New NSF grant will explore the dynamics of landslides, wind, and carbon in the dense forests of Alaska

A newly funded collaborative project between the University of Alaska Southeast and Portland State University is going to explore the role of landslides and wind disturbances in landscape carbon distribution.  Landslides move a lot of debris - most people think of them as primarily a movement of earth, but in some areas (forests) they move a ton of carbon, in the soil yes, but also in the trees they bring down.

 Starrigaven landslide, photo Sitka Conservation Society

Starrigaven landslide, photo Sitka Conservation Society

The role of those debris in controlling how the landslide moves and travels is relatively unknown, and so Adam Booth, a geologist at PSU, is going to be building a modeling framework to incorporate woody debris into landslide mechanics.  Meanwhile, I will be leading an effort to explore the carbon implications of those movements and incorporate that into the model as well.  When completed, we will then model the entire landscape to understand what role these disturbances play (over long time spans) in the spatial distribution and movement of carbon in these world-class carbon storehouses.

 Kramer landslide in Sitka, 2015.  It killed three people.  Photo KCAW.

Kramer landslide in Sitka, 2015.  It killed three people.  Photo KCAW.

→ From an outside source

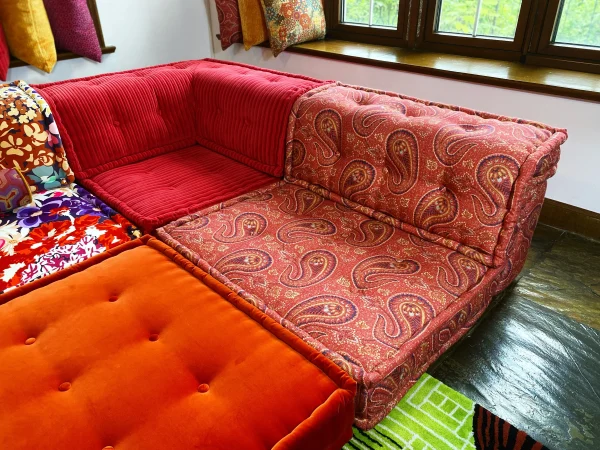 Modular Mah Jong sofa with a bold red paisley pattern, paired with corduroy and floral modules.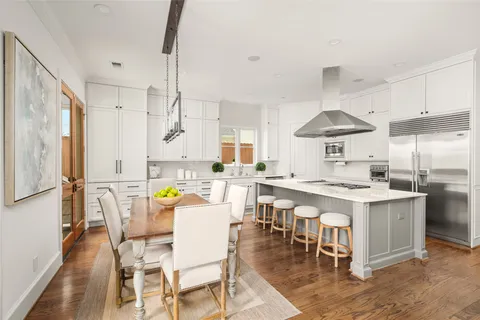 a kitchen with stainless steel appliances a table chairs and a chandelier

There's more implications here than just carbon and forests.  Landslides kill people, and have recently, in southeast Alaska and around the world.  Many cities, in the US and abroad, are exposed to landslides. By being able to better predict their movement, travel distance, and route, as well as how the forest plays a role in stability or destructiveness, we will be better able to help municipalities plan for these natural events (only expected to get worse as climate change increases the frequency of intense rainfall events in many locations).